Underwater Acoustic Communication Datasets

Companion papers were presented at OCEANS 2010 and SiPS 2010.

Abstract

Reliable mobile underwater acoustic communication systems must compensate for strong, time-varying Doppler effects. Many Doppler correction techniques rely on a single bulk correction to compensate first-order effects. In many cases, residual higher-order effects must be tracked and corrected using other methods. The contributions of this paper are evaluations of
  1. signal-to-noise ratio (SNR) performance from three Doppler estimation and correction methods and
  2. communication performance of Doppler correction with static vs. adaptive equalizers.
The evaluations use our publicly available shallow water experimental dataset, which consists of 360 packet transmission samples (each 0.5s long) from a five-channel receiver array.

Questions During the Presentation

  1. Have you tried to use tapered windows on the window data with overlap?
    Response: We haven't yet.
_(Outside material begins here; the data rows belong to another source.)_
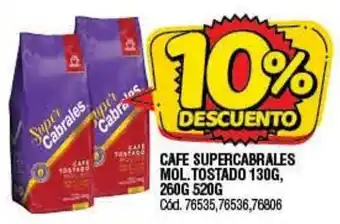 Supermercados Yaguar Cafe Supercabrales Mol. Tostado 140g 260g 520g oferta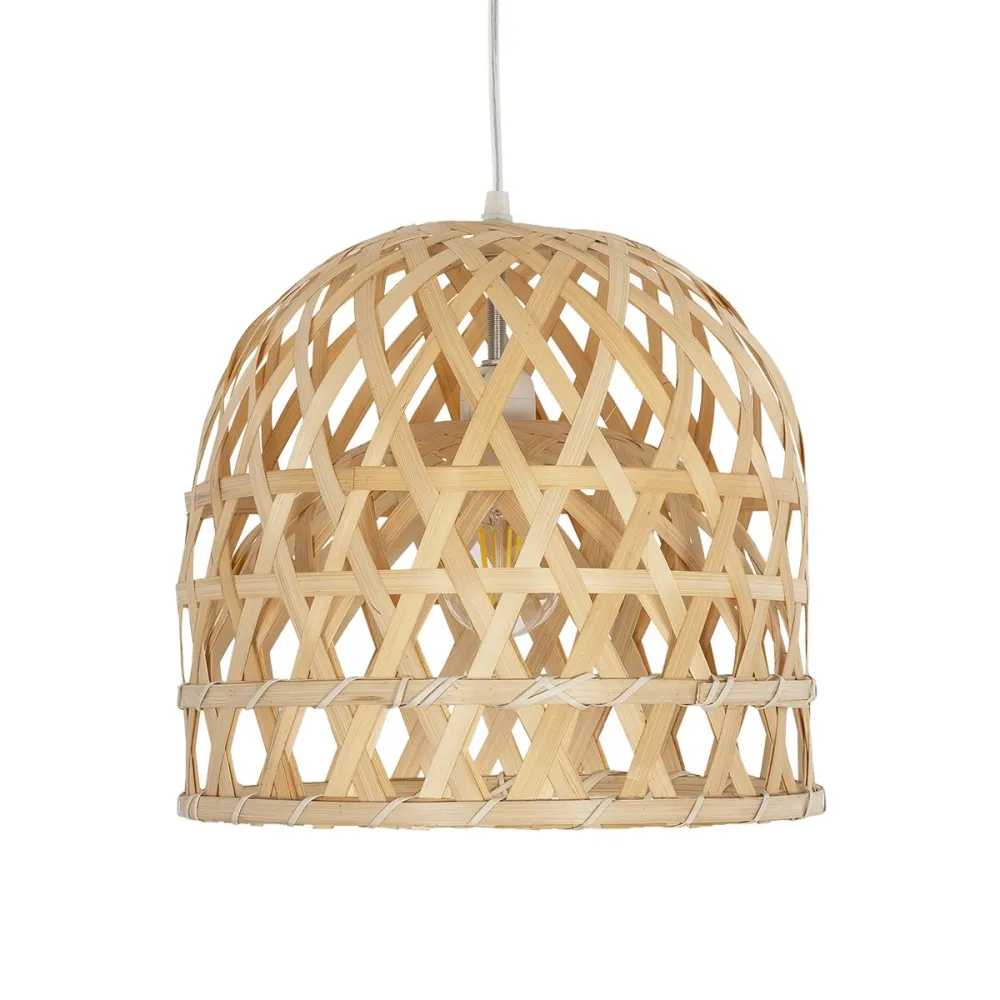 GLOBOSTAR® MANGEA 00715 Boho Κρεμαστό Φωτιστικό Οροφής με Ντουί 1 x E27 AC 220-240V IP20 - Μπεζ - Μ32 x Π32 x Υ30cm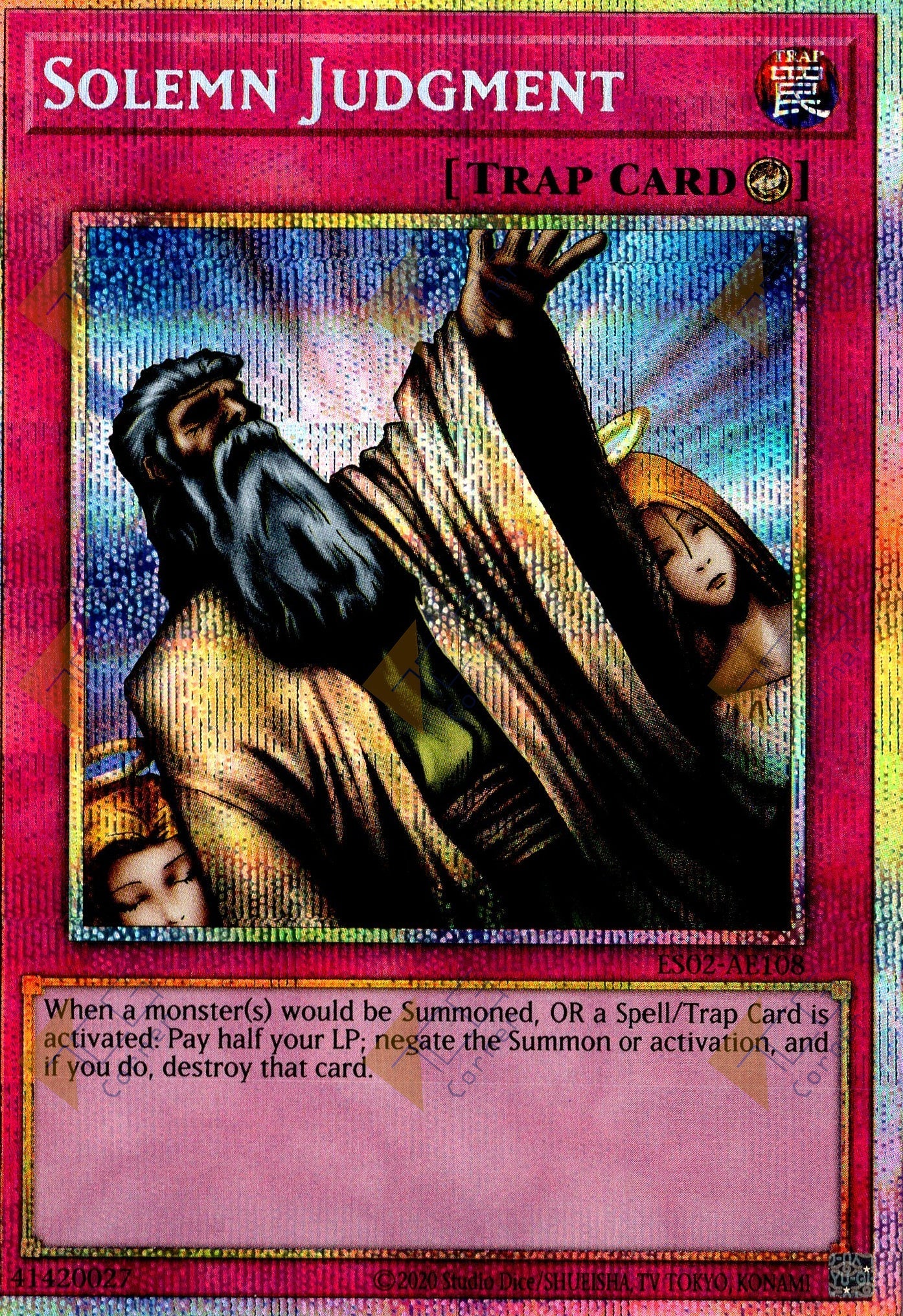 ES02-AE108 Solemn Judgment (Prismatic Secret Rare) (Status B)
Using tapered windows, and overlapping windows when there is more than one window, would likely improve the calculation of bulk Doppler shift. Any small error in the estimate of the bulk Doppler shift will be cleaned up by the equalizer.

  2. Do the multipath components have different Doppler?
    Response: Yes.

Matlab Code for the Receiver

We have received several requests to release the Matlab code for the receiver. At present, we have only released the data sets.

The receiver is a fairly straightforward single carrier receiver in the paper plus a subsystem for Doppler estimation and correction. The above slides give more information about the design and implementation of the receiver.

We based the single-carrier receiver on the following book:

C. Richard Johnson, Jr., William A. Sethares, and Andy Klein, Software Receiver Design, Cambridge University Press, Oct. 2011, ISBN 978-0521189446, 480 pages. Paperback.

The Matlab files associated with the book also work in Octave and are not copyrighted.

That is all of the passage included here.